===== Data for the task =====
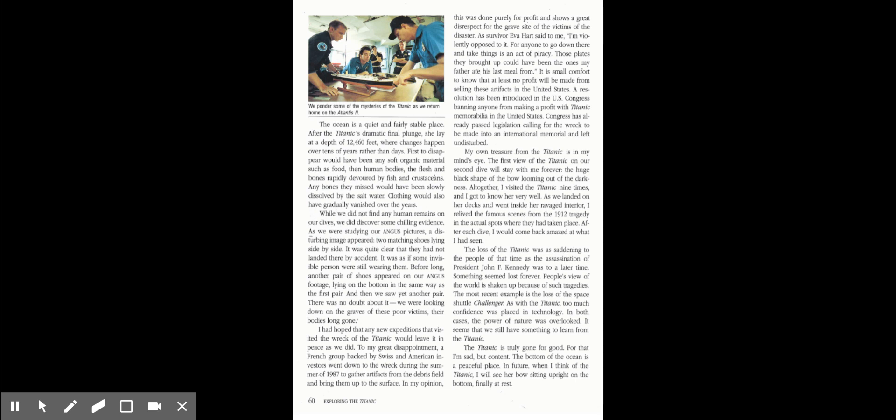I had hoped that any new expeditions that visited the wreck of the Titanic would leave it in peace. To my great disappointment, a French group backed by Swiss and American investors went down to the wreck during the summer of 1987 to gather artifacts from the debris field and bring them up to the surface. In my opinion, this was done purely for profit and shows a great disrespect for the grave site of the victims of the disaster.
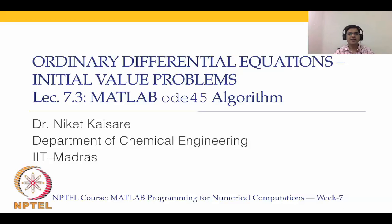Hello and welcome to MATLAB programming for numerical computations. We are in module 7. In this module we are covering ODE initial value problems.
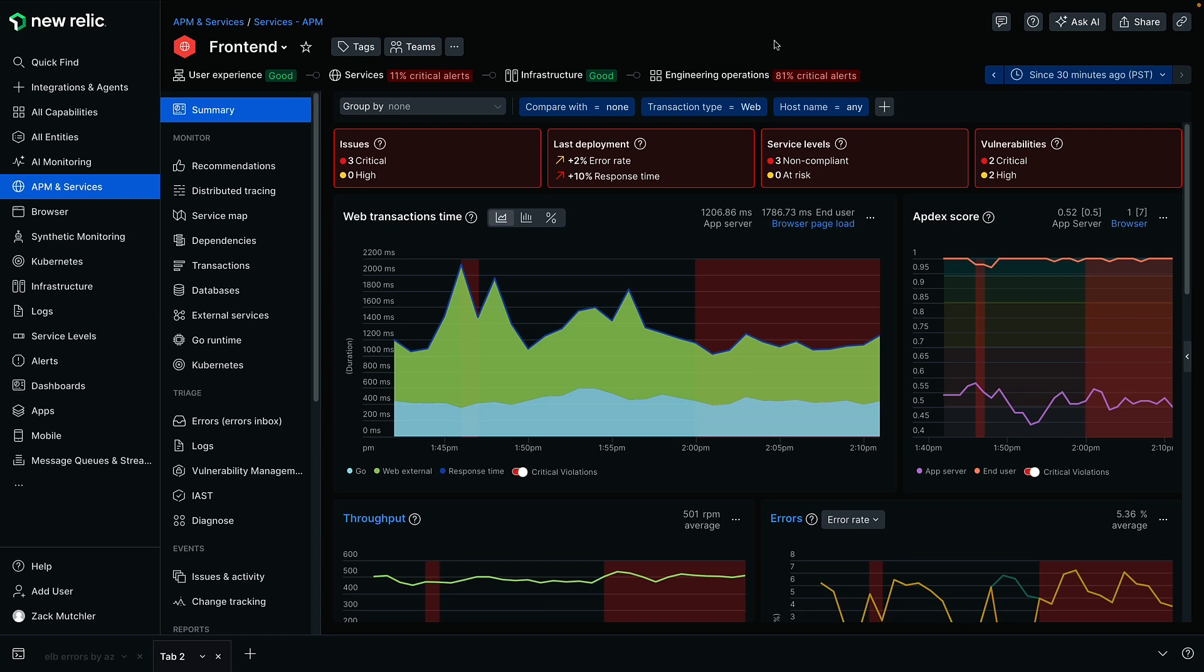Welcome to this Data Byte, where we'll explore how New Relic's new query experience is revolutionizing the way you extract insights from your data.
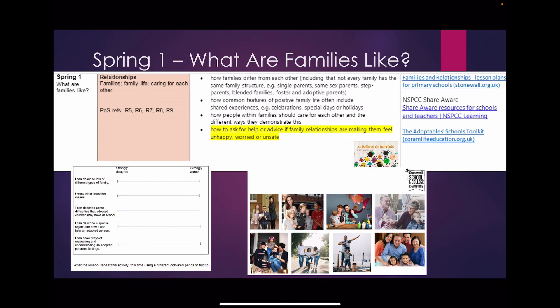In Spring 1 our key question is: what are families like? We will look at common features of positive family life as well as recognising that families look different, including single parent families, same sex families and families formed through adoption, recognising that all families are characterised by love. The Stonewall resource shows lots of different families, allowing children to draw comparisons between those and their own.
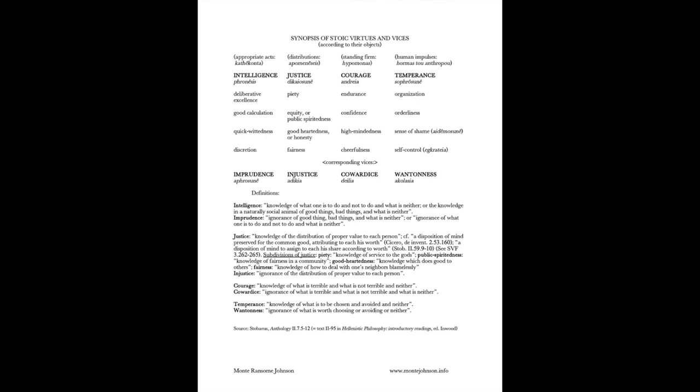which is justice with respect to the gods, equity, good-heartedness, fairness, etc. Courage breaks down into endurance, confidence, high-mindedness, and cheerfulness. Temperance into organization, orderliness, having a sense of shame, and self-control. Further, the vices break down into several sub-categories, although I haven't given you details on those. You can find those details for yourself by following up the reference.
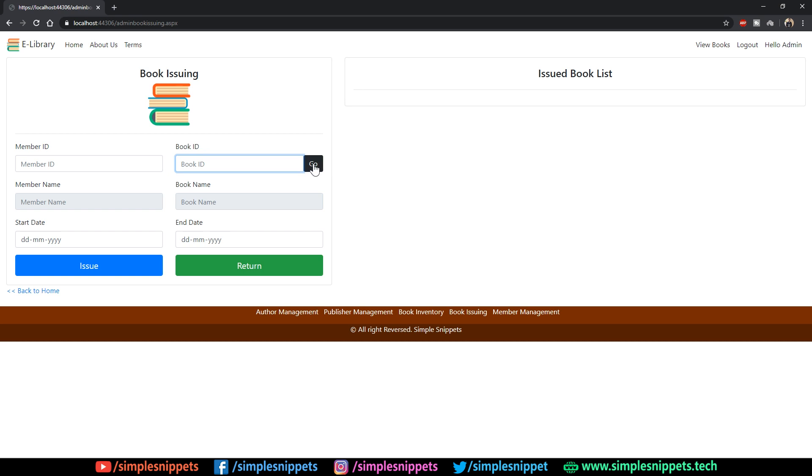A member will come to the library with a request for a particular book. The librarian will check that book, enter the ID and book ID, click on go, and the member and book name will come over here. Then the librarian will initiate the start date and end date and issue the book. This book issuing is where a member will come to the library and get issued a particular book with the particular start date and end date.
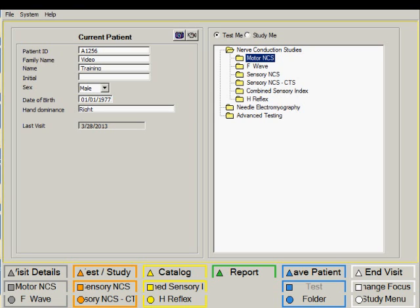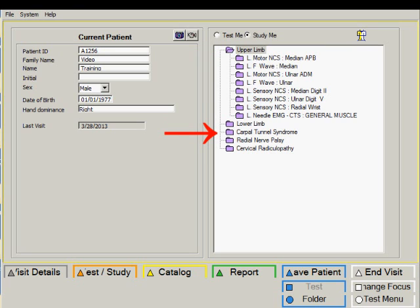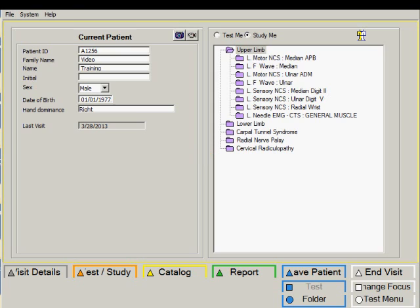The other method is by using the so-called studies and we can display the studies menu by clicking on this button. Right now we have described five different studies: upper limb, lower limb, carpal tunnel syndrome, radial nerve palsy and cervical radiculopathy.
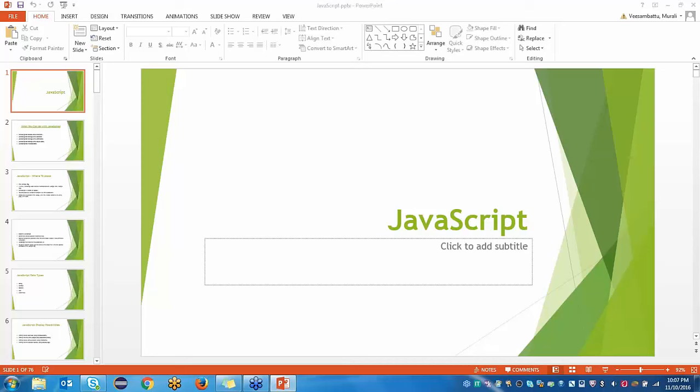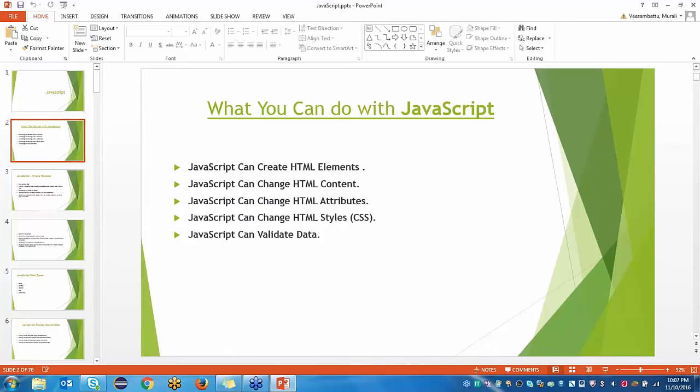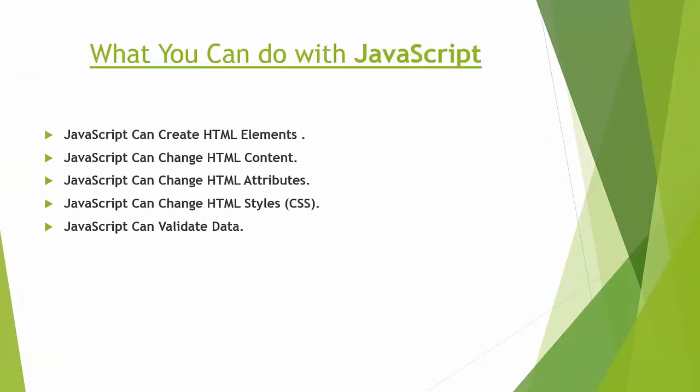JavaScript is one of the most popular client-side language, user-side language. Why we need JavaScript, just few minutes we will discuss about why and how. JavaScript can create HTML elements. JavaScript can change HTML content. JavaScript can change HTML attributes. It can change styles and it can validate data.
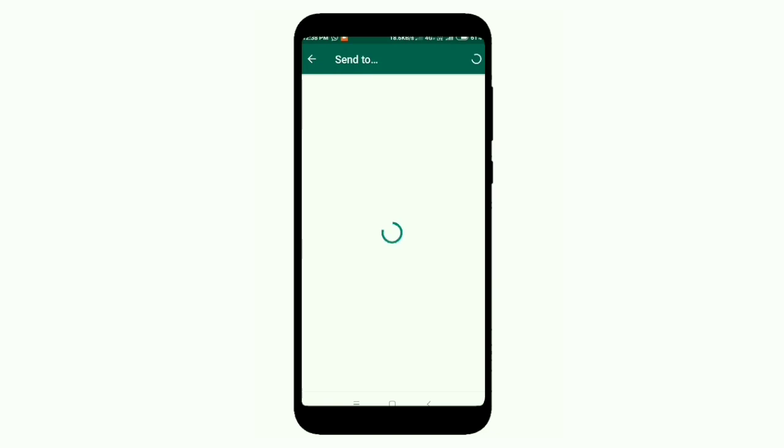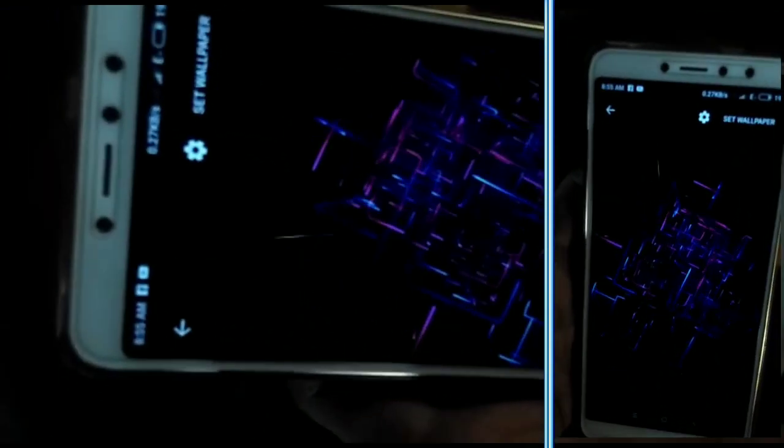We will start with the Tilt. This is a beautiful application that you can use to help with the screen.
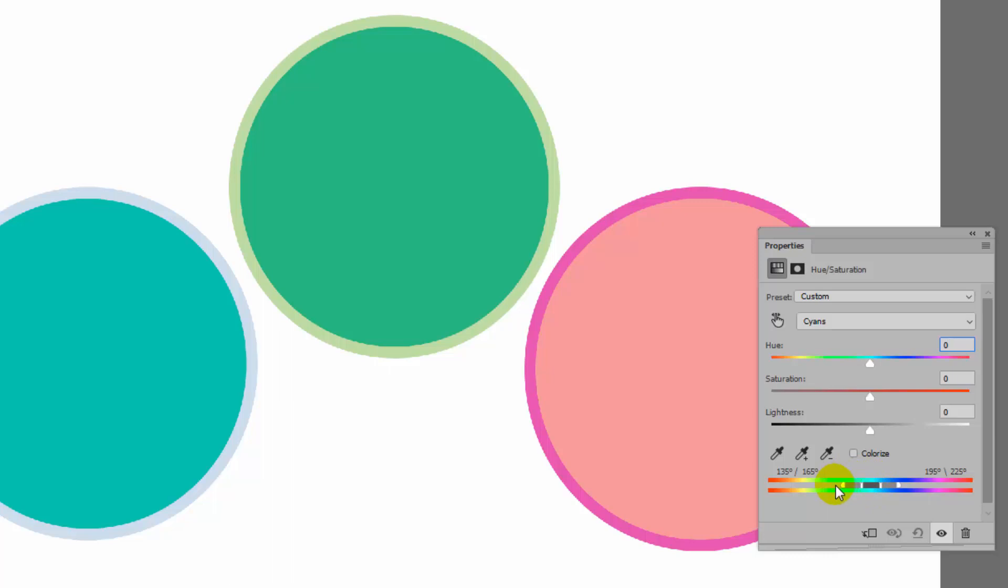But so too are some greens and so too are some blues. And it's sort of being petered out if you like. So this will be 100% recolored and this will be between 100 and zero. And then over here, nothing is being recolored.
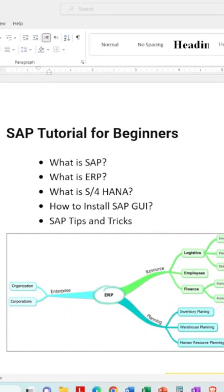Welcome to the video, my name is Sayyad. In this video we will learn: what is SAP, what is ERP, what is S/4HANA, how to install SAP GUI, and SAP tips and tricks.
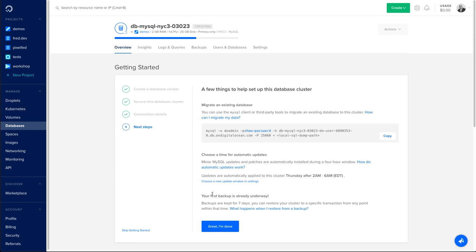One of the benefits of having a managed database by DigitalOcean is that we are doing the updates for you, but you need to choose a specific time where those updates will be applied. Don't expect any downtime from your database, but you can expect that during that timeframe, connections may be a little bit slower.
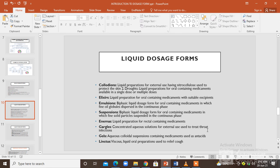Emulsions are a form of liquid dosage form that are biphasic liquid dosage forms used for oral administration. They contain the medication in which fine oil granules are dispersed in the continuous phase. Suspensions are also an example of the liquid dosage form and are biphasic liquid dosage forms for oral administration containing the medication in which fine solid particles are suspended in the continuous phase.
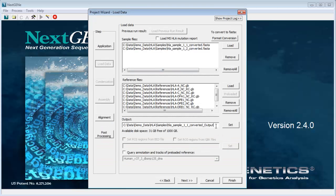Under Output, you can leave the default location or modify as needed. Then click Next.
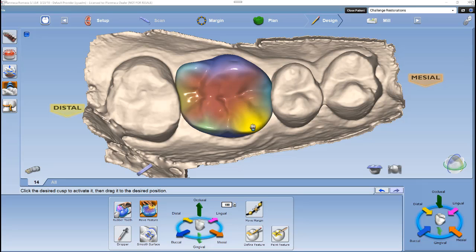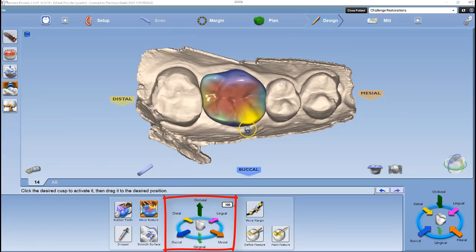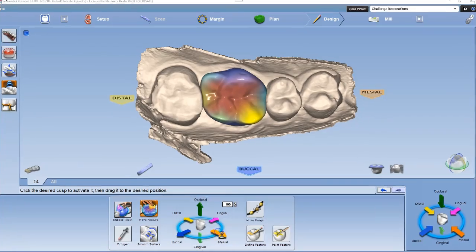There are two different ways to adjust the highlighted areas: we can left-click and hold and move our mouse, or we can use the directional arrows. The directional arrows are used to move the highlighted area shown in yellow. Left-click the arrow in the corresponding direction you want to move the yellow area.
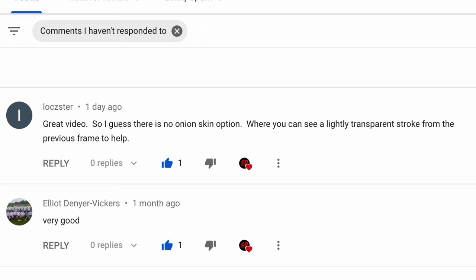Hey guys, cbsuper. Got a comment asking about if there was any kind of onion skin option where you can see a lightly transparent stroke from the previous frame to help you draw in your next stroke while using the paint node. So very good question.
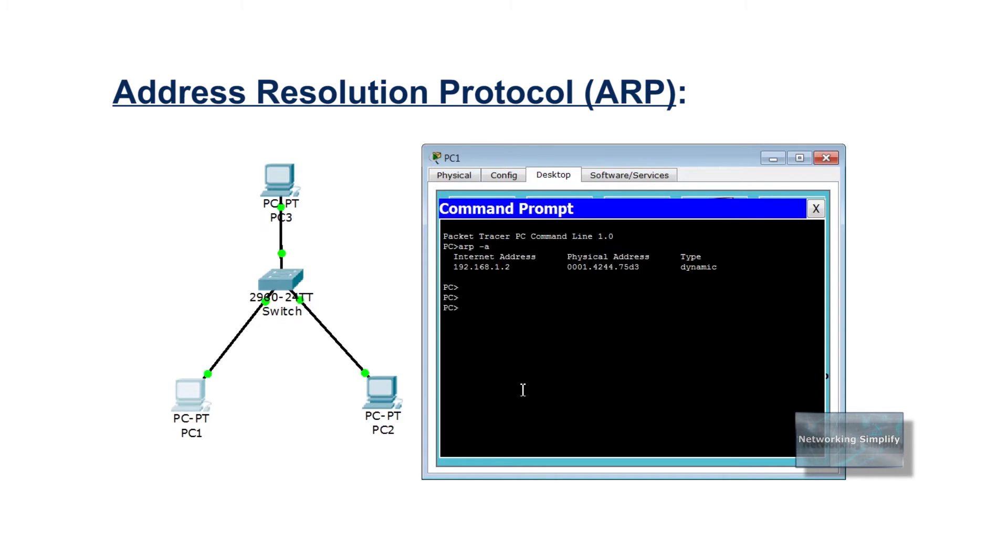Any device that uses IP should retain or cache the information learned with ARP, placing the information in its ARP cache or ARP table.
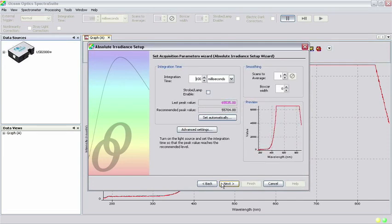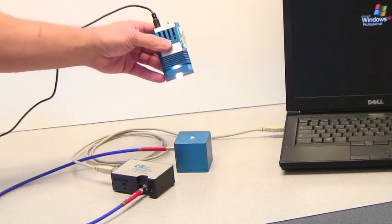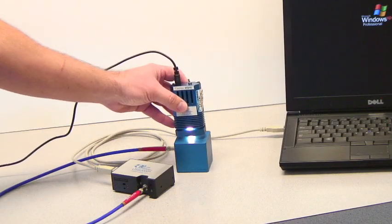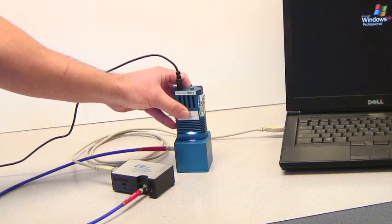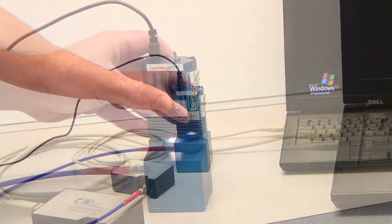Before we set the acquisition parameters, we need to place the LS1Cal-INT diffuser plug into the sample port of the integrating sphere.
=====
# [Directions]
Your reply should be the full data above, copied exactly, with no pictures in it.

# [Task response]
I had hoped that any new expeditions that visited the wreck of the Titanic would leave it in peace. To my great disappointment, a French group backed by Swiss and American investors went down to the wreck during the summer of 1987 to gather artifacts from the debris field and bring them up to the surface. In my opinion, this was done purely for profit and shows a great disrespect for the grave site of the victims of the disaster.
Hello and welcome to MATLAB programming for numerical computations. We are in module 7. In this module we are covering ODE initial value problems.
Welcome to this Data Byte, where we'll explore how New Relic's new query experience is revolutionizing the way you extract insights from your data.
In Spring 1 our key question is: what are families like? We will look at common features of positive family life as well as recognising that families look different, including single parent families, same sex families and families formed through adoption, recognising that all families are characterised by love. The Stonewall resource shows lots of different families, allowing children to draw comparisons between those and their own.
which is justice with respect to the gods, equity, good-heartedness, fairness, etc. Courage breaks down into endurance, confidence, high-mindedness, and cheerfulness. Temperance into organization, orderliness, having a sense of shame, and self-control. Further, the vices break down into several sub-categories, although I haven't given you details on those. You can find those details for yourself by following up the reference.
A member will come to the library with a request for a particular book. The librarian will check that book, enter the ID and book ID, click on go, and the member and book name will come over here. Then the librarian will initiate the start date and end date and issue the book. This book issuing is where a member will come to the library and get issued a particular book with the particular start date and end date.
The other method is by using the so-called studies and we can display the studies menu by clicking on this button. Right now we have described five different studies: upper limb, lower limb, carpal tunnel syndrome, radial nerve palsy and cervical radiculopathy.
JavaScript is one of the most popular client-side language, user-side language. Why we need JavaScript, just few minutes we will discuss about why and how. JavaScript can create HTML elements. JavaScript can change HTML content. JavaScript can change HTML attributes. It can change styles and it can validate data.
We will start with the Tilt. This is a beautiful application that you can use to help with the screen.
But so too are some greens and so too are some blues. And it's sort of being petered out if you like. So this will be 100% recolored and this will be between 100 and zero. And then over here, nothing is being recolored.
Welcome to the video, my name is Sayyad. In this video we will learn: what is SAP, what is ERP, what is S/4HANA, how to install SAP GUI, and SAP tips and tricks.
One of the benefits of having a managed database by DigitalOcean is that we are doing the updates for you, but you need to choose a specific time where those updates will be applied. Don't expect any downtime from your database, but you can expect that during that timeframe, connections may be a little bit slower.
Emulsions are a form of liquid dosage form that are biphasic liquid dosage forms used for oral administration. They contain the medication in which fine oil granules are dispersed in the continuous phase. Suspensions are also an example of the liquid dosage form and are biphasic liquid dosage forms for oral administration containing the medication in which fine solid particles are suspended in the continuous phase.
Under Output, you can leave the default location or modify as needed. Then click Next.
There are two different ways to adjust the highlighted areas: we can left-click and hold and move our mouse, or we can use the directional arrows. The directional arrows are used to move the highlighted area shown in yellow. Left-click the arrow in the corresponding direction you want to move the yellow area.
Hey guys, cbsuper. Got a comment asking about if there was any kind of onion skin option where you can see a lightly transparent stroke from the previous frame to help you draw in your next stroke while using the paint node. So very good question.
Any device that uses IP should retain or cache the information learned with ARP, placing the information in its ARP cache or ARP table.
Before we set the acquisition parameters, we need to place the LS1Cal-INT diffuser plug into the sample port of the integrating sphere.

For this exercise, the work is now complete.